Posted by on May 13, 2013

Visits to 23 Temples in Kagawa Prefecture May 13 – 17

Zentsuji (Stop75), the birthplace of Kobo Daishi (774-835) and the temple was built by Kobo Daishi on his return from China in 807

Okuoji (Stop 88), last stop of the pilgrimage

May 13 Monday: Stop 88-85

I came to Shikoku in order to continue the 88-temple pilgrimage route (I completed Stage 1 covering 23 temples in the Tokushima Prefecture last December. Please refer to the older posts). I have been advised to begin with the 23 temples in the Kagawa Prefecture i.e.
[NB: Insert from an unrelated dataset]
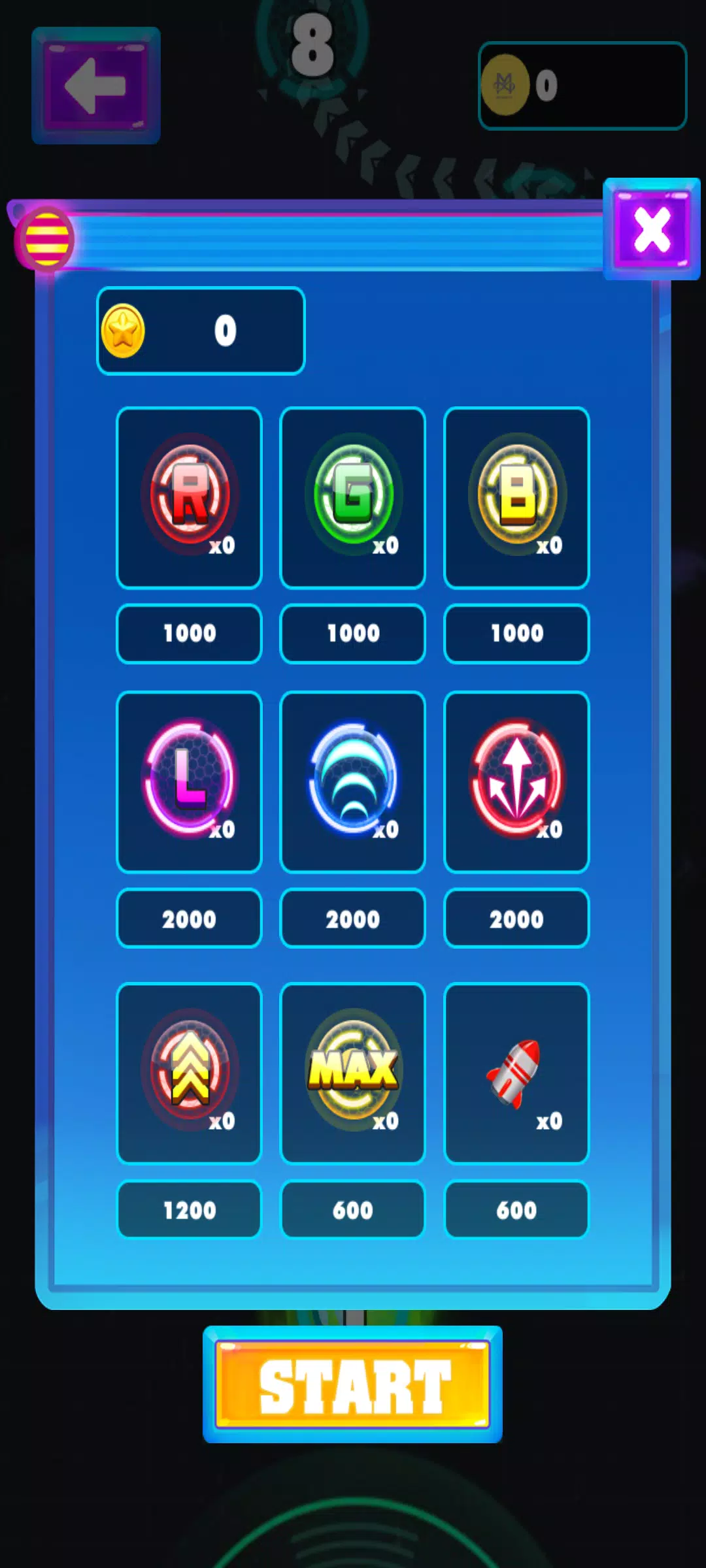 Antrix: Space Shooter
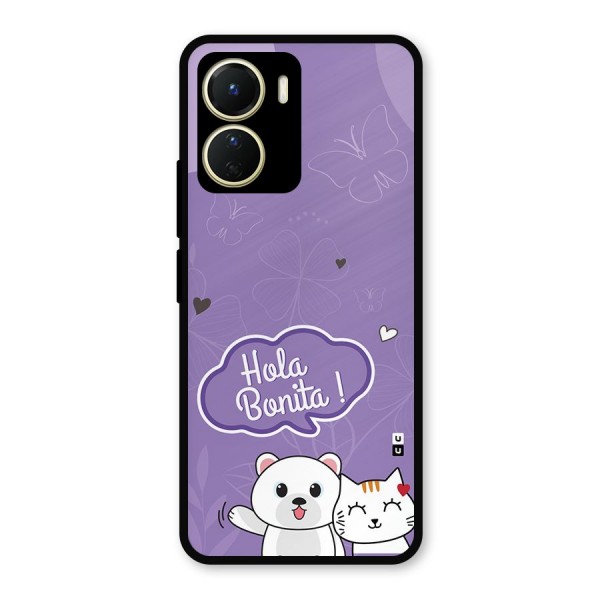 Hola Bonita Metal Back Case for Vivo Y16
Stops 66 – 88. If time allows, I could go onto the Ehime Prefecture for Stops 40-65 before taking a ferry to Beppu, Kyushu on May 19 or 20.
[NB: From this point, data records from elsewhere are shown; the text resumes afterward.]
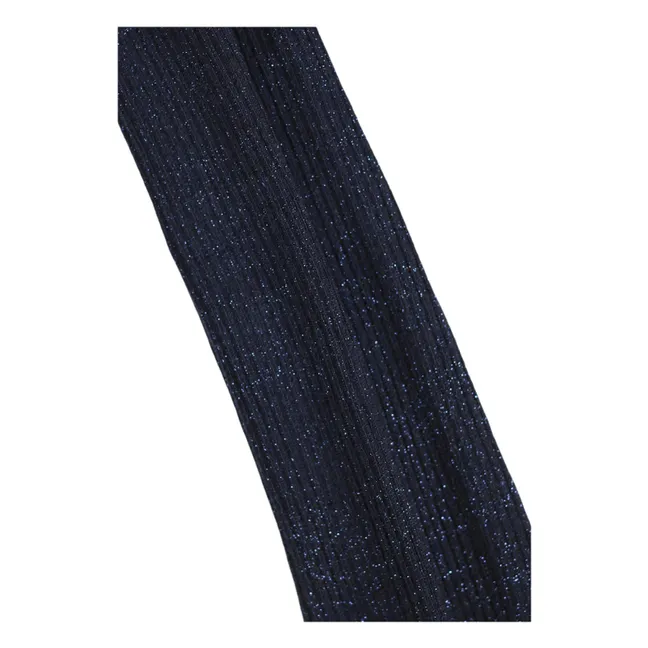 Collants Pailletés | Bleu marine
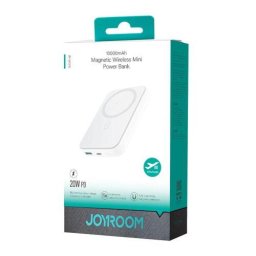 Baterie externa JR-W020-WHT, 20 W, 10000 mAh, Alb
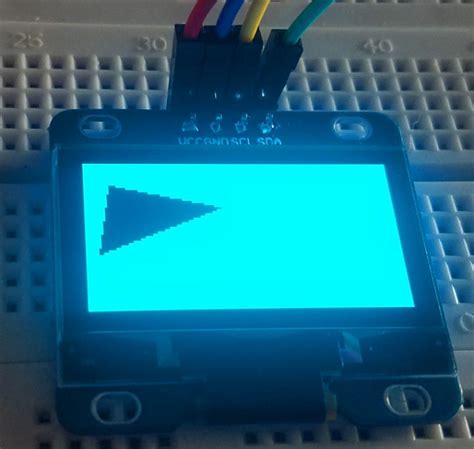 Arduino Oled I2c Display 128x64 With Examples Libraries Issues Solved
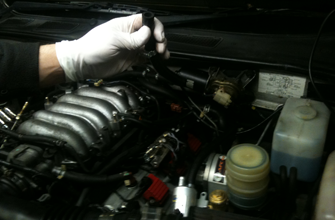 step 7 - applying ic12 to clean injector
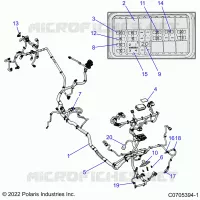 ELECTRICITE, WIRE HARNESS
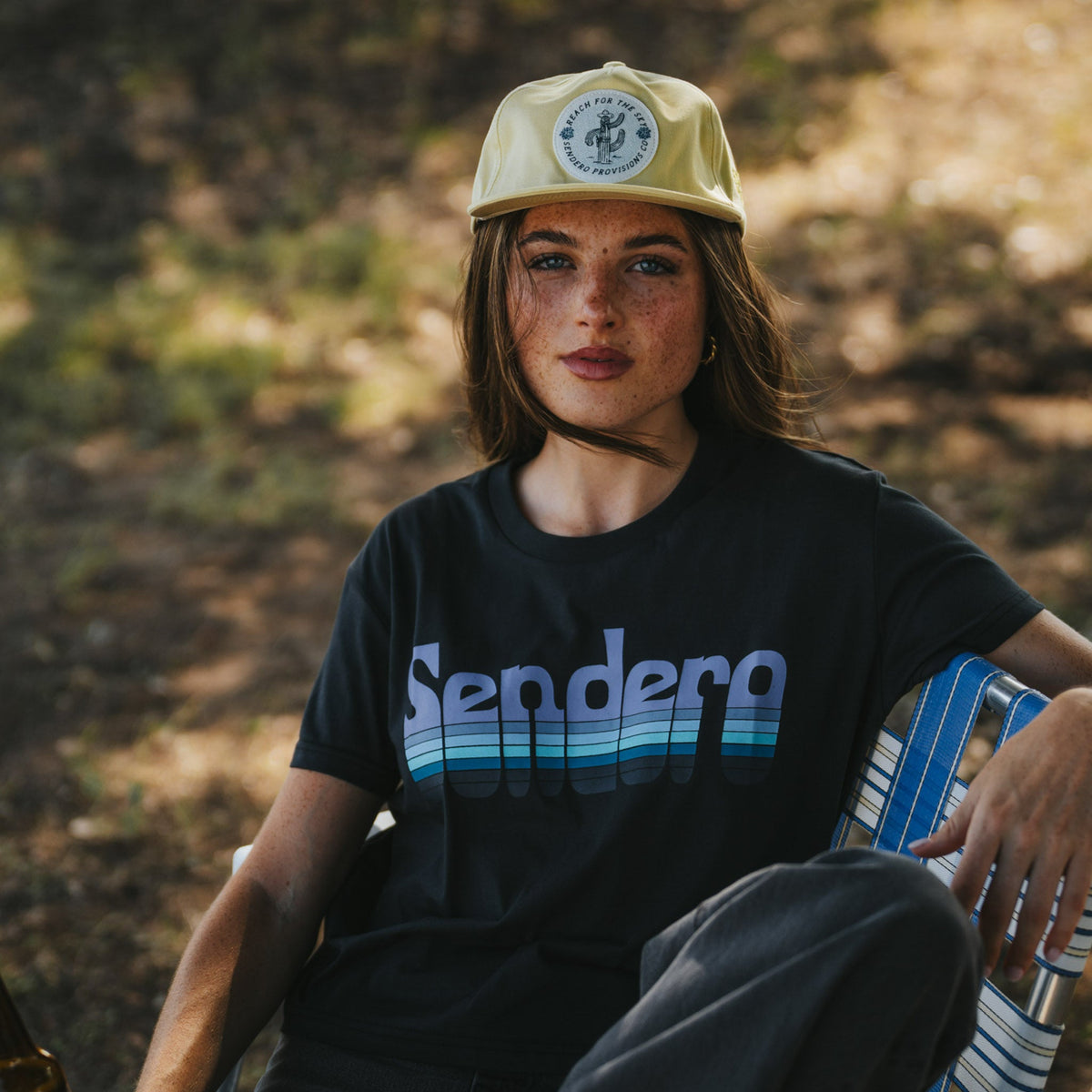 Retro Logo Boxy Tee
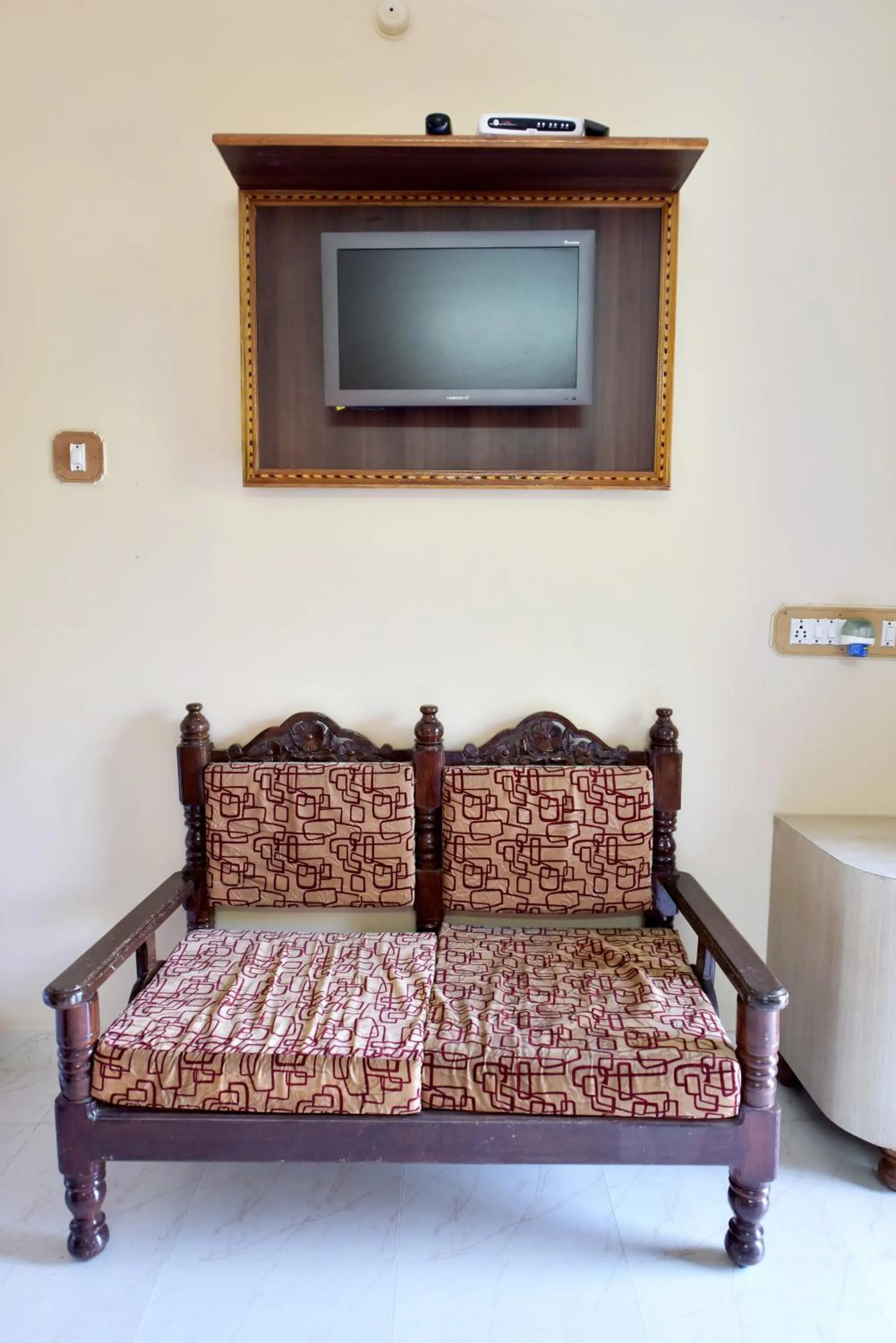 Seating area in Jee Ri Haveli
The local train service here is excellent. I brought a day pass (¥1200) and the train to Nagao took 40 minutes. I got there about 10am and found the bus to Okuoji (Stop 88) where I would begin this pilgrimage trip would come at 11:14am. Hence, I went to Nagaoji (Stop 87) which is only three minutes on foot. The weather was lovely and I stayed there for almost an hour. A pilgrim talked with me though he could manage a few English words. His name is Konish Takao and he offered to take me to Okuoji in his car. Takao is 48 years old and visits temples when he has his day off.

 
 

Main Hall

Daishi Hall

Okuoji (Stop 88) located 18km away on a hill top is special: it is the last stop of this pilgrimage route. I met a group of pilgrims who took 41 days to complete the route on foot. I hope to follow Kobo Daishi’s footstep one day if I am still fit. I noticed an 800-m trail goes to Okuni-in (the inner sanctuary) and wanted to make an ascent. Takao was not keen but did not want to leave me alone. He was panting all the way to the top!

 

Path to Okuni-in

Takao at Okuni-in

 

Daishi Hall (L) & Main Hall (R)

I invited Takao for lunch. He insisted on driving me to Shidoji (Stop 86). He was so tired that he dozed off in the garden while I was busy looking at the temple and taking pictures. There are many treasures including impressive wooden structures, paintings, sculptures and a Japanese garden (but it was closed).

 

Main Hall (L) & Daishi Hall (R)

Pagoda

Daishi Hall

 

My final stop was Yakuriji (Stop 85) which is 8km away. Takao dropped me off at the ropeway station and urged me to take a ride. The uphill walk would take 30 minutes. I paid ¥550 for a one-way ticket. The temple is below the Five-finger Mountain with a colourful main hall and an orange pagoda. A large group of pilgrims arrived and prayed in front of the Daishi Hall. Atmospheric!

Five Swords Mountain

Tram to the temple

 

Main Hall

It was 4:30pm when I left the temple. It took me some 40 minutes to reach the Yakuri station. I had an excellent udon with seaweed ¥600 in a local restaurant in Takamatsu.  What a great day!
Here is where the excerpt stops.